**Prompt**
Repeat every entry word for word, but leave the images out of your copy.

[Start of Attachment]

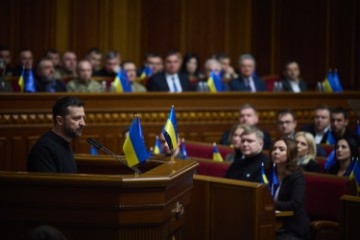 UKRAINE PARLIAMENT ZELENSKY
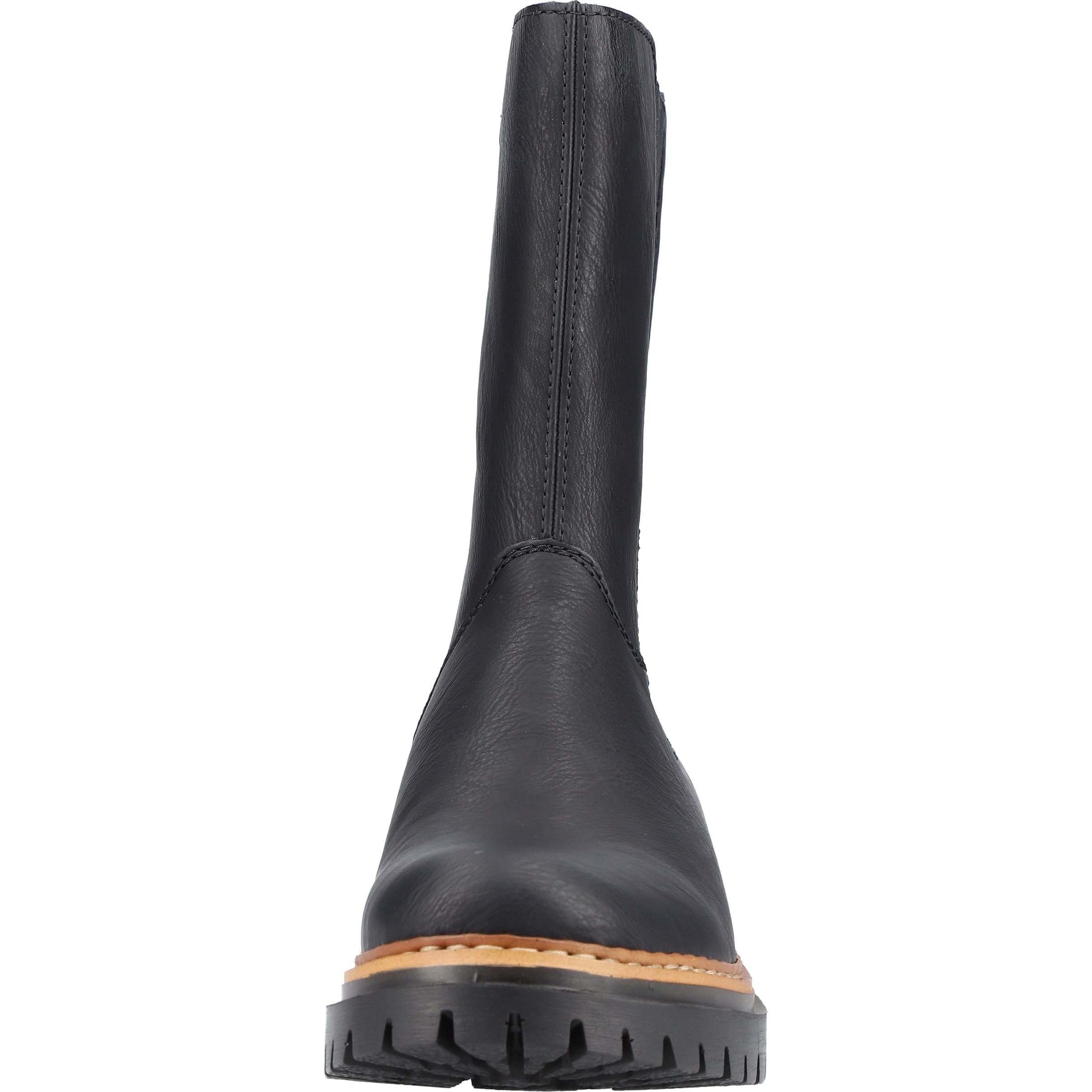 RIEKER Aulinukai moterims, Juoda, Ladies mid height boots 9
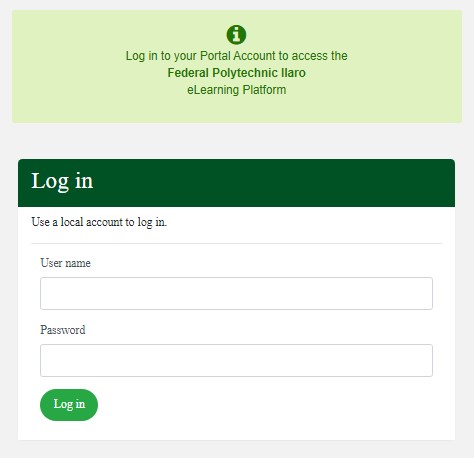 Fedpoly Ilaro Login Portal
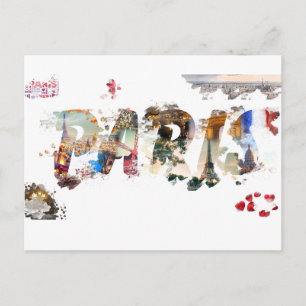 Carte Postale PARIS Vykort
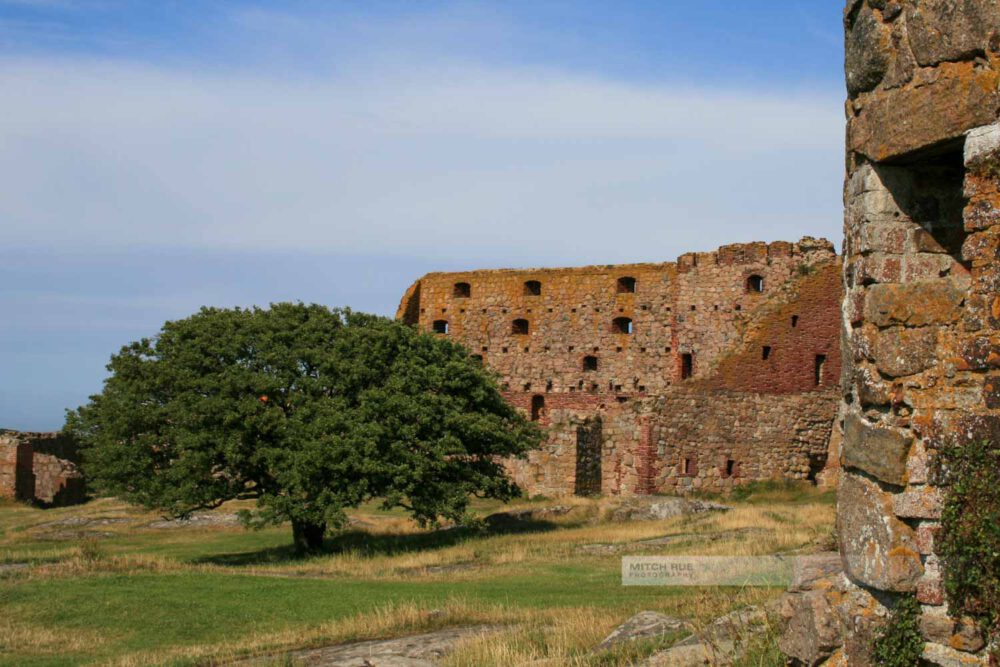 Bornholm-Festung Hammershus-Sommer-Dänemark-Ostsee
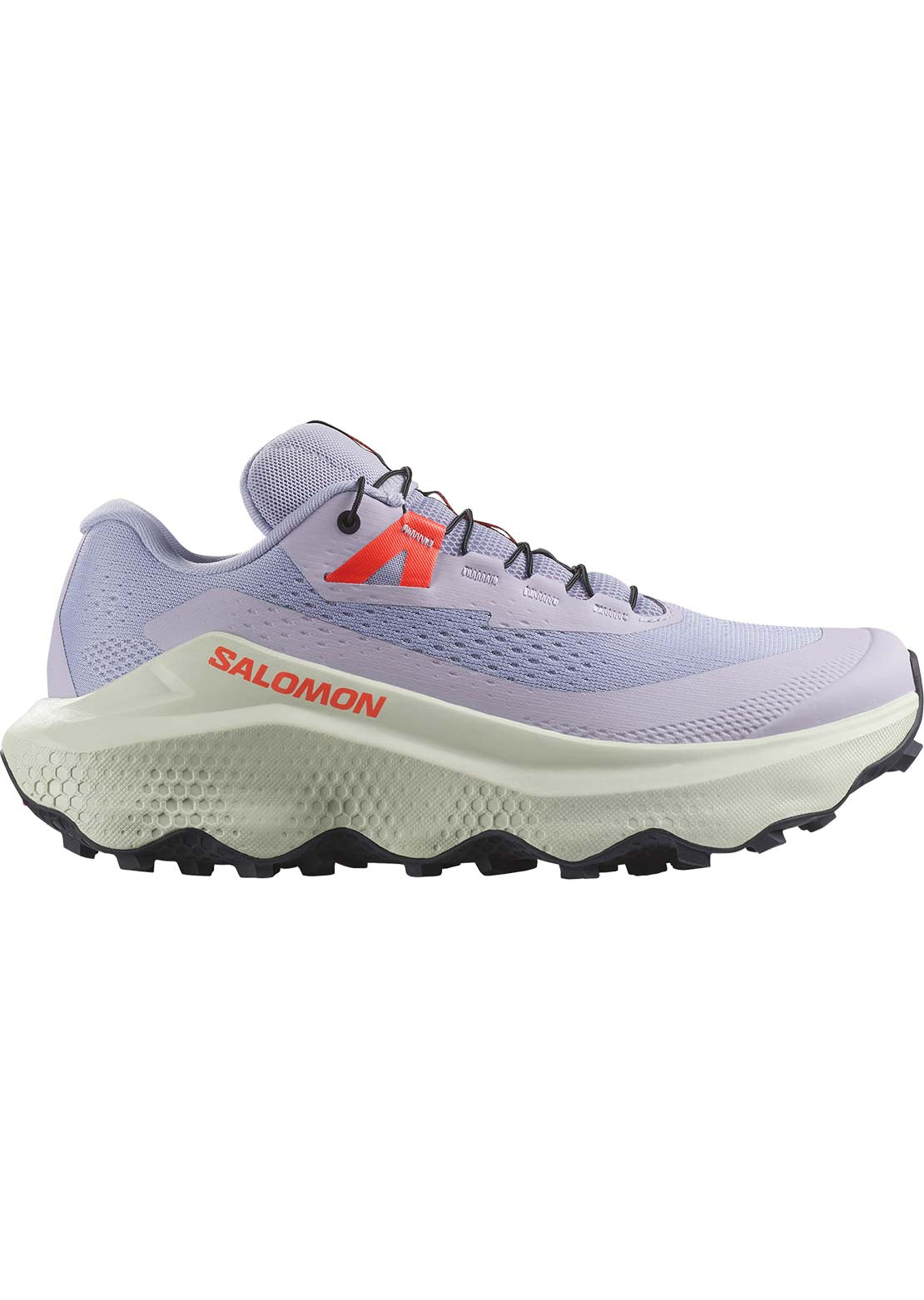 Salomon Women&#39;s Ultra Glide 3 Shoes Cosmic Sky/Icicle/Neon Flame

[End of Attachment]

**Written answer**
 UKRAINE PARLIAMENT ZELENSKY
 RIEKER Aulinukai moterims, Juoda, Ladies mid height boots 9
 Fedpoly Ilaro Login Portal
 Carte Postale PARIS Vykort
 Bornholm-Festung Hammershus-Sommer-Dänemark-Ostsee
 Salomon Women&#39;s Ultra Glide 3 Shoes Cosmic Sky/Icicle/Neon Flame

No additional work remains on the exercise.